In Intel jargon, simultaneously developing multiple designs for the same manufacturing process is known as the 'tick tock' model. One of the reasons for applying this model is that the behaviour of small transistors is uncertain to some degree. When work on Penryn and Nehalem commenced in May 2004, the most advanced manufacturing technology available was 90nm. Back then, it was hard to say how 45nm circuits would behave, just as it is now difficult to make predictions on how things will go at 22nm. There are always rough estimates to work from, but these change as more decisions are made and theory is put into practice.
Changing characteristics of a manufacturing process, also known as 'design rules', present significant challenges to designers. If problems are tackled in too radical a fashion, ideas may turn out to be impossible to implement. On the other hand, doing things conservatively may lead to suboptimal use of the possibilities that the factories, which cost billions, have to offer.
This is why Intel chooses to explore two different approaches simultaneously, with an offset of about a year. For the 45nm generation, Penryn represents the conservative approach while Nehalem is the progressive one. Every obstacle that the first team encountered was a lesson for the second one, which then had an extra six to twelve months to solve it. This luxurious position enabled the second team to concentrate much more on new features, such as the integration of multithreading, a memory controller and a video chip.
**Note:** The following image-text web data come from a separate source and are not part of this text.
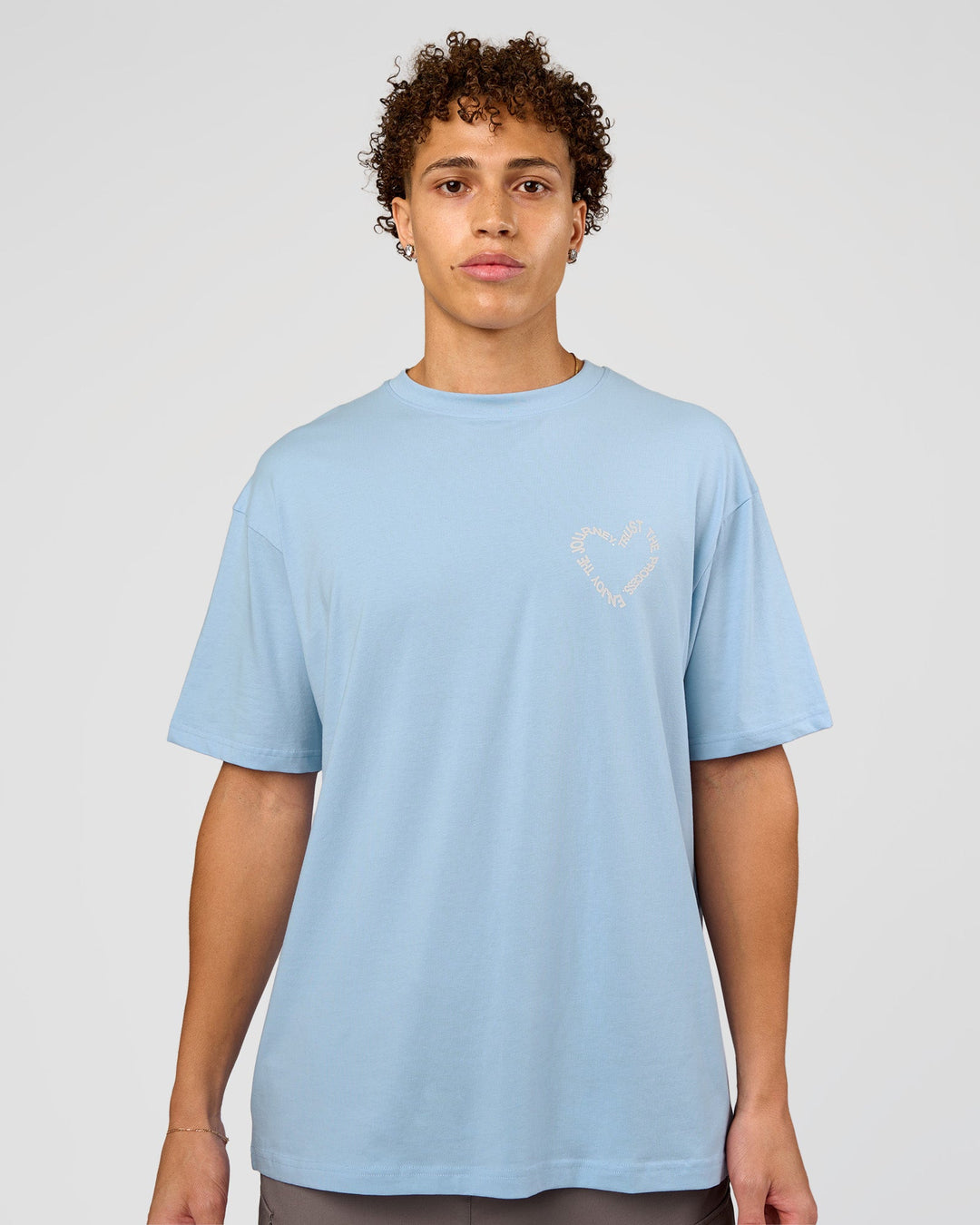 Man wearing Love The Process FLXCotton Oversize Tee - Open Air-Off White | Model:Leandro | Size:M - view 3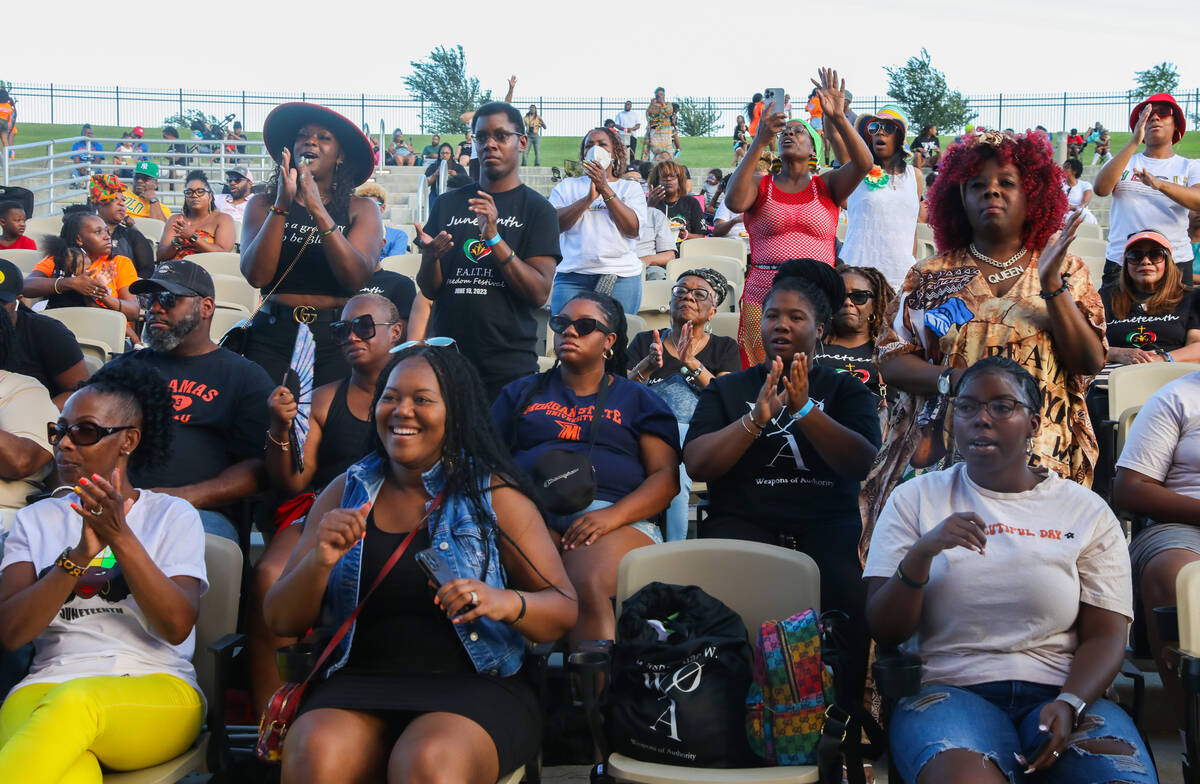 A crowd of people sing and dance along to performers at the F.A.I.T.H Juneteenth Freedom Festiv ...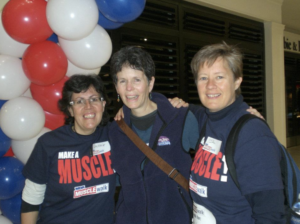 Leslie with two friends at an MDA "Walk and Roll"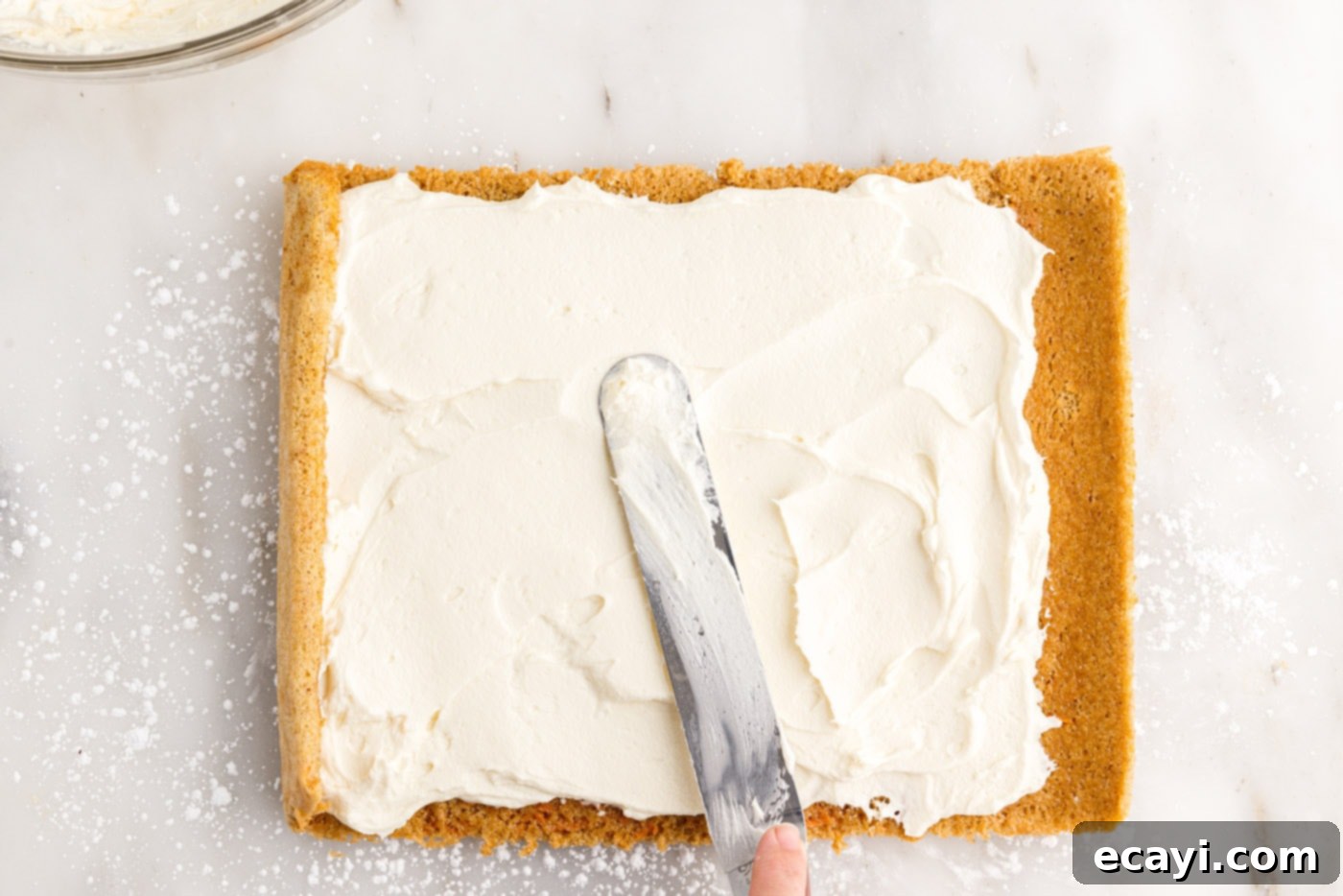Swirled Carrot Delight 17 Spreading smooth cream cheese filling evenly over the unrolled carrot cake.
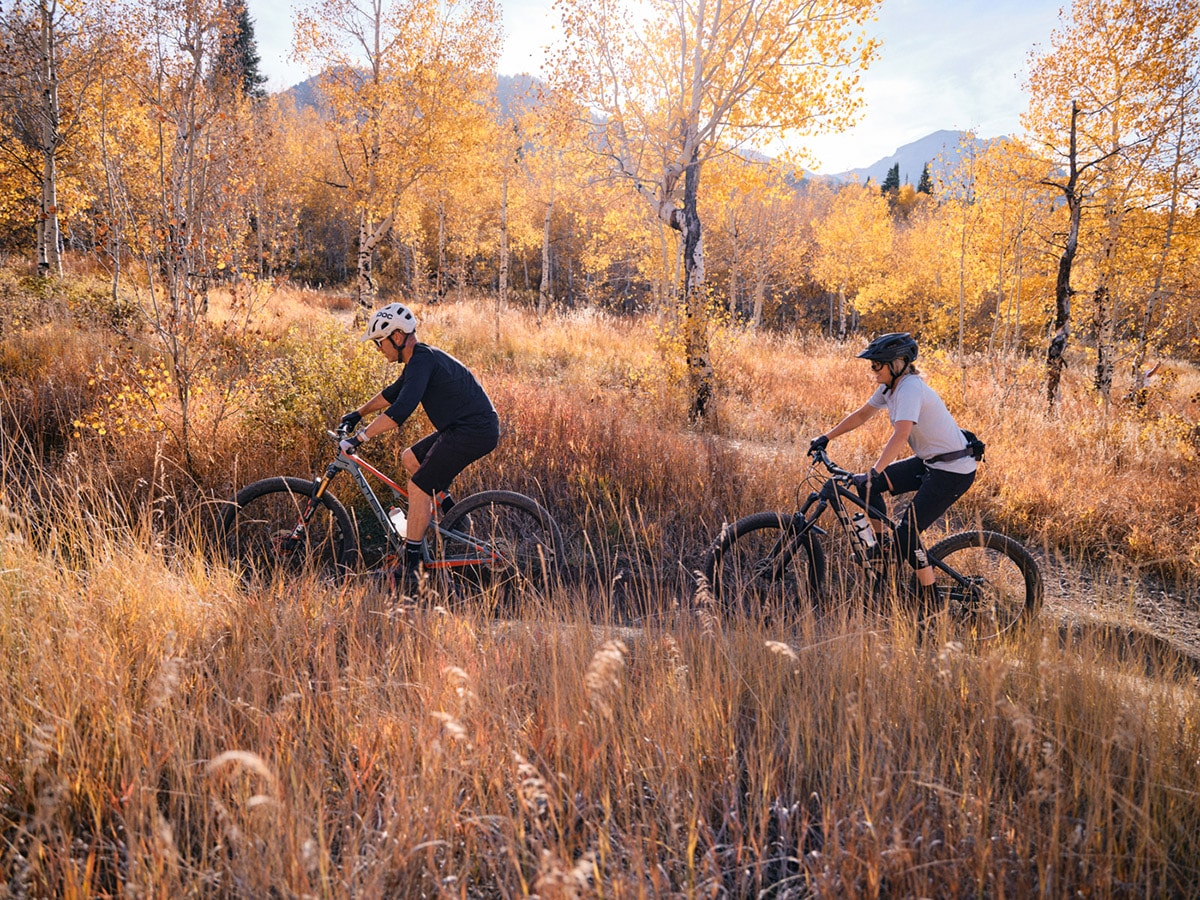 two people mountain biking on trail in the fall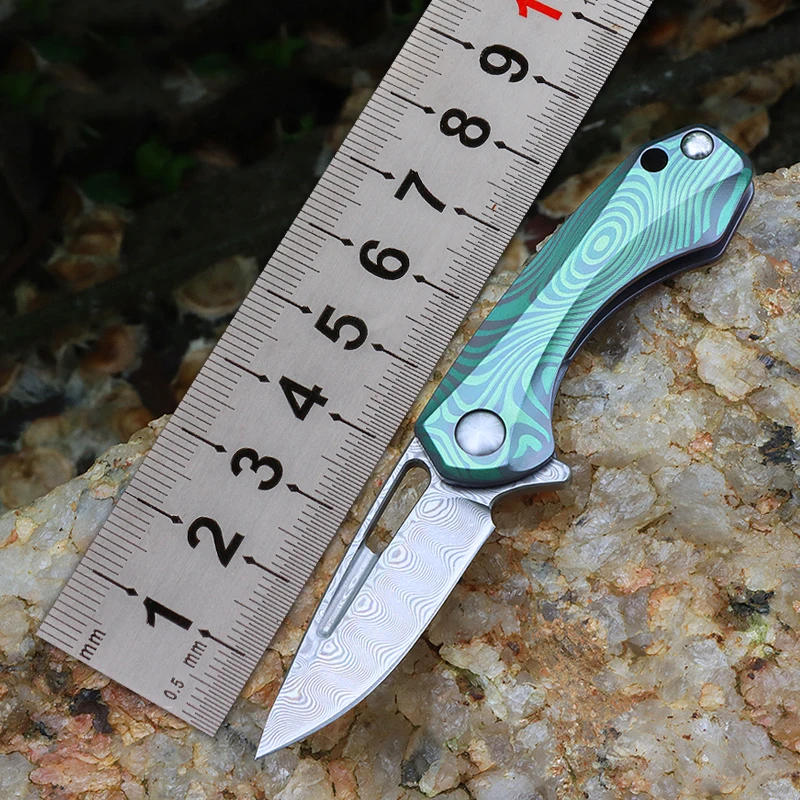 Damascus Steel Surface Pattern Pocket Folding Knife Titanium Hand Outdoor Camping Hunting Necklace Keychain Knife CED Tool
Damascus Steel Surface Pattern Pocket Folding Knife Titanium Hand Outdoor Camping Hunting Necklace Keychain Knife CED Tool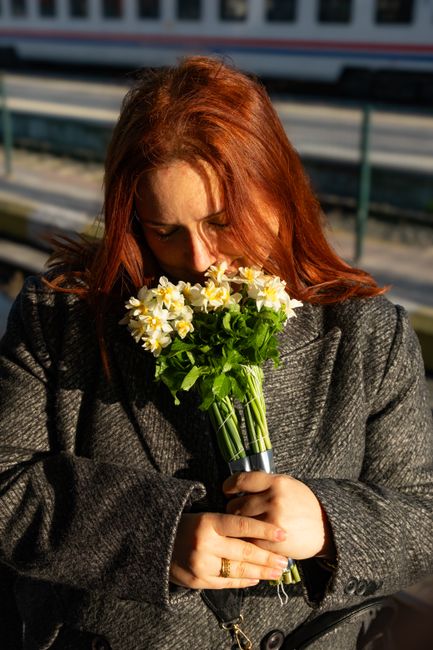 A woman with red hair, wearing a dark grey textured coat, is holding a bouquet of fresh yellow and white daffodils with green stems and leaves, wrapped in clear plastic, close to her face as she appea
Intel plans to follow this strategy in the coming years, meaning that the 32nm generation also has two entries on the roadmap: 'Westmere' will be a conservatively shrunk version of Nehalem, while the progressive 'Sandy Bridge' is to add a good deal of new features. And things don't stop there: Fisher told us that he is already working on a 22nm design, and elsewhere within Intel, teams are already figuring out what features might be added into the 16nm generation.